• **SUPPLIED DATA**:

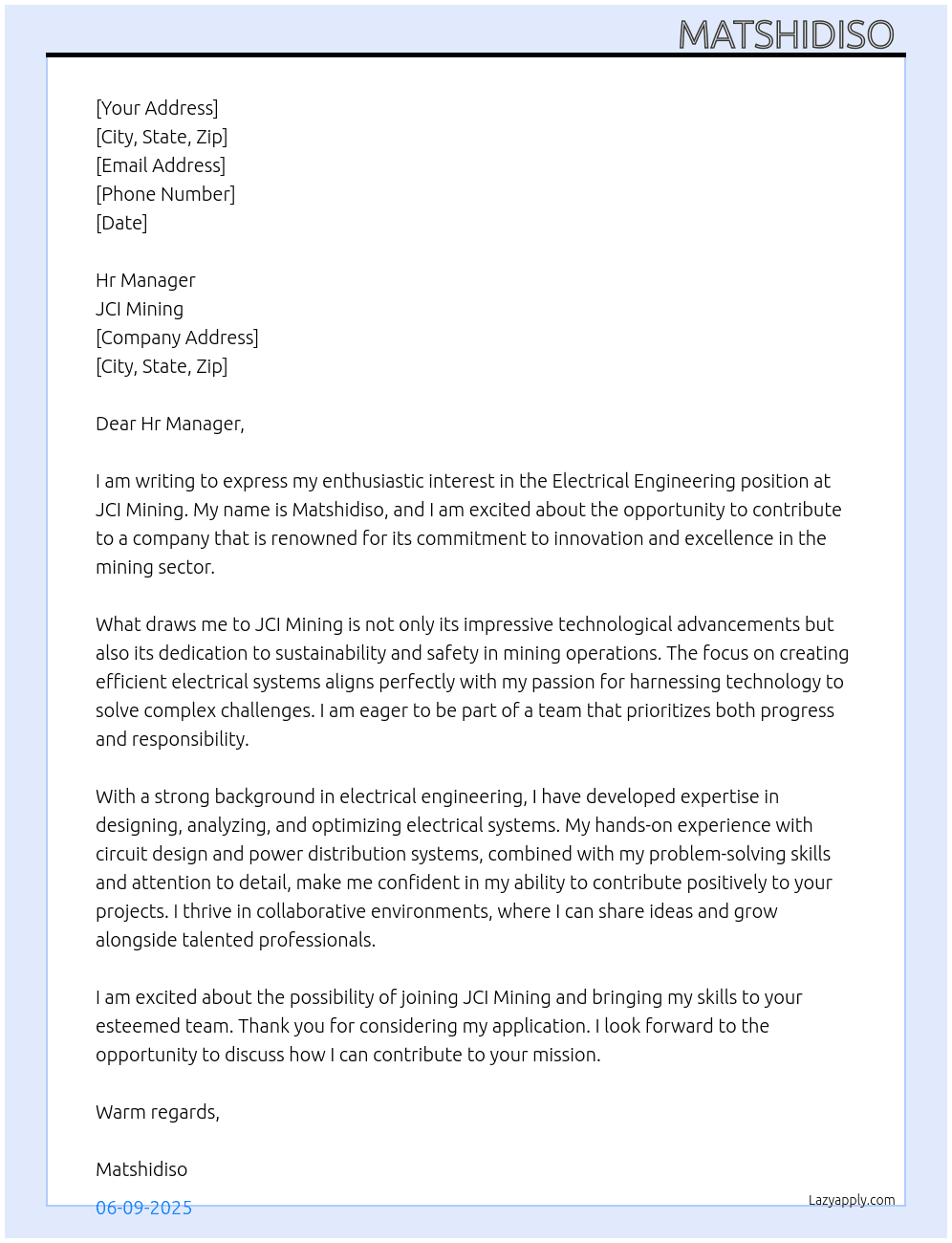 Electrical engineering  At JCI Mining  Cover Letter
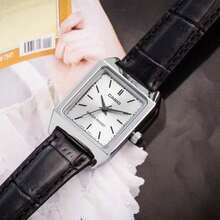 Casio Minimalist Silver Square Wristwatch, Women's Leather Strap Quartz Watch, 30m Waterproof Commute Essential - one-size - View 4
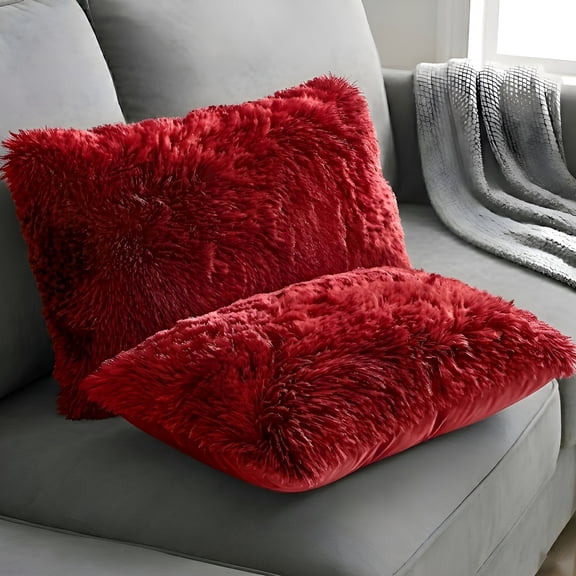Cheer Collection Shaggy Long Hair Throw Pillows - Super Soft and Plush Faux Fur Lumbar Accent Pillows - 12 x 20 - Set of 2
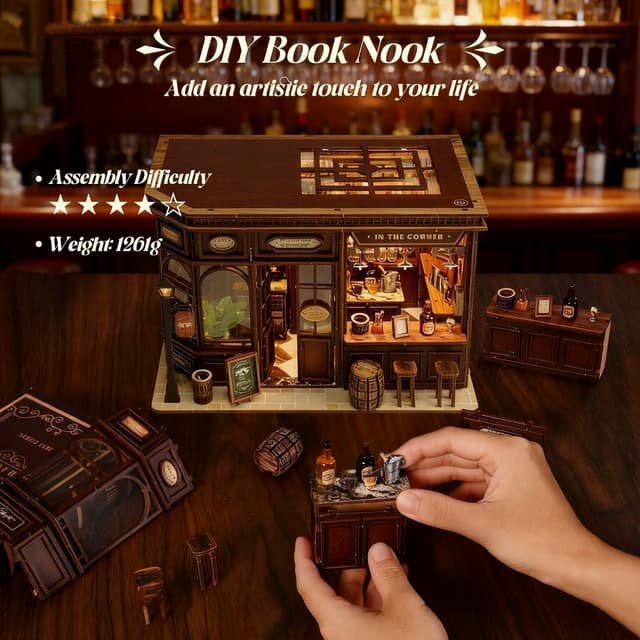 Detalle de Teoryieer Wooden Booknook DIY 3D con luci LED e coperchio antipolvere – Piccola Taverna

• **WORK REQUEST**: Print only the lines from the line that contains "Cheer Collection Shaggy" to the final line of the data, inclusive. Pictures stay out.

• **FINAL ANSWER**:
Cheer Collection Shaggy Long Hair Throw Pillows - Super Soft and Plush Faux Fur Lumbar Accent Pillows - 12 x 20 - Set of 2
 Detalle de Teoryieer Wooden Booknook DIY 3D con luci LED e coperchio antipolvere – Piccola Taverna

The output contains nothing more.